I’m not ashamed of my diabetes. Ask me anything about my diabetes, I’ll tell you. Oh you want to see what the infusion set or CGM sensor looks like? Here, I’ll show you. You want to watch me test my blood sugar or change my set? Sure, by all means.
I am open about my diabetes, but yet I have my moments. Maybe ashamed is too strong of a word, maybe it’s more that I become self-conscious.
It was a few months ago. I was a tourist in our country’s capital, spending the afternoon sight seeing on my own. All of the sudden I could feel my blood sugar dropping, and not the gentle kind of dropping. I took a pack of fruit snacks out from my coat pocket, ripped the packet opened, and poured the entire contents into my mouth at once. Yes, eating them one or two at a time may have been better etiquette, but sometimes etiquette goes out the window when it comes to diabetes. As I stood there masticating like a cow, I became aware of a man that was walking toward me, having witnessed the whole ordeal. He gave me a kind of confused look as he walked by. Part of me wanted to chase after him and tell him, “I don’t normally eat like that, I have diabetes and my blood sugar was low and I was feeling impatient!” but really I knew it didn’t matter, plus I was still working my way through the stickiness of the fruit snacks. It wasn’t just about that man though, it’s all the “inappropriate” times that I rip open that packet of fruit snacks and pour them into my mouth. I know it doesn’t matter what other people think, but sometimes I can’t help but wonder. What were those women thinking when I was eating the fruit snacks in the museum when it clearly said no food or drinks? What about the people at the gym when I have to stop halfway through my workout to eat a packet? In the waiting room of the doctor’s office? I mean they probably just think I reallllly like my fruit snacks, but I do wonder.
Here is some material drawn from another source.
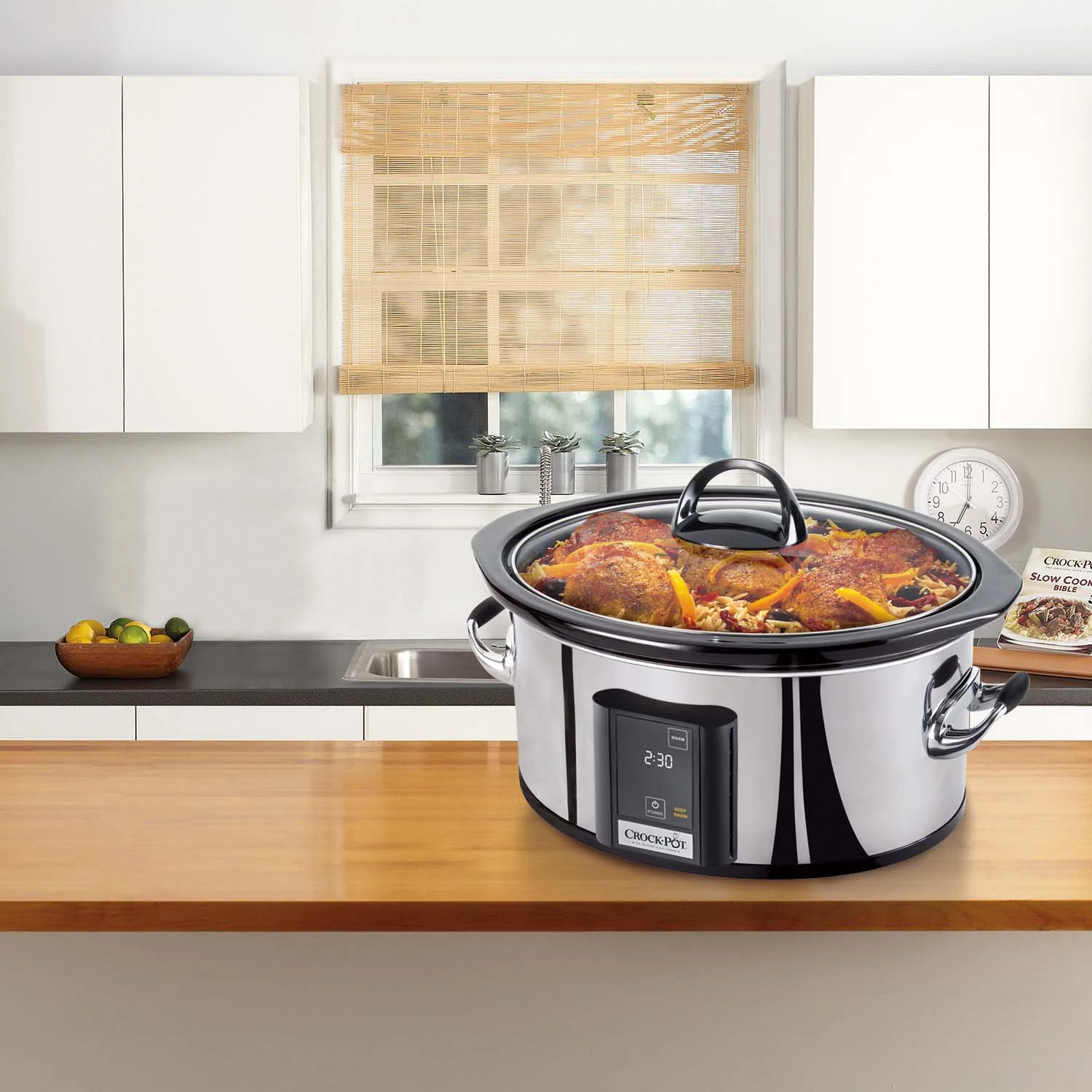 Crock-pot SCVT650-PS Cooker & Steamer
It was a few weeks ago. I was among a small group of people, gathered in someone’s home, listening to a community leader speak about his experiences over the years. Cheese and crackers, fruit, and cookies were served. I was seated next to this gentleman, everyone’s attention aimed just to my left. That’s when I realized I had forgotten to bolus for the fruit and couple crackers I had eaten. However, I was having one of those moments where I just wanted to blend in, I didn’t want to draw attention to myself as I knew pulling my pump out of my pocket and beeping away would. So I didn’t bolus then, I waited until our talk was over and everyone had gotten up. I suffered for my decision, my CGM showing my blood sugar in the 200’s and rising. I shouldn’t have cared, no one else would have. Or I should have excused myself and gone to the bathroom to give myself insulin. But I didn’t, and my blood sugars reflected that moment of self-consciousness.
It was a few days ago. I was shopping for some dress pants for my new job. I found a nice pair, but when I tried them on, I realized that the pockets weren’t real, basically just slits not big enough to hold my pump. “You can always just clip it to the outside of your pants.” I knew that, but I didn’t want to. I didn’t want it to show.
I’m not ashamed of my diabetes, but I realize I clearly still have moments of self-consciousness. I’m comforted by the fact that I’m sure everyone has their moments, whether it’s diabetes related or not. But what I have and what I do to take care of it should not be a source of self-doubt or make me feel self-conscious. What I do is necessary for my health and for my life. I can’t let moments like these prevent me from taking care of myself. While I recognize that I’ve had less of these moments as I’ve gotten older, I know it’s something I still need to work on.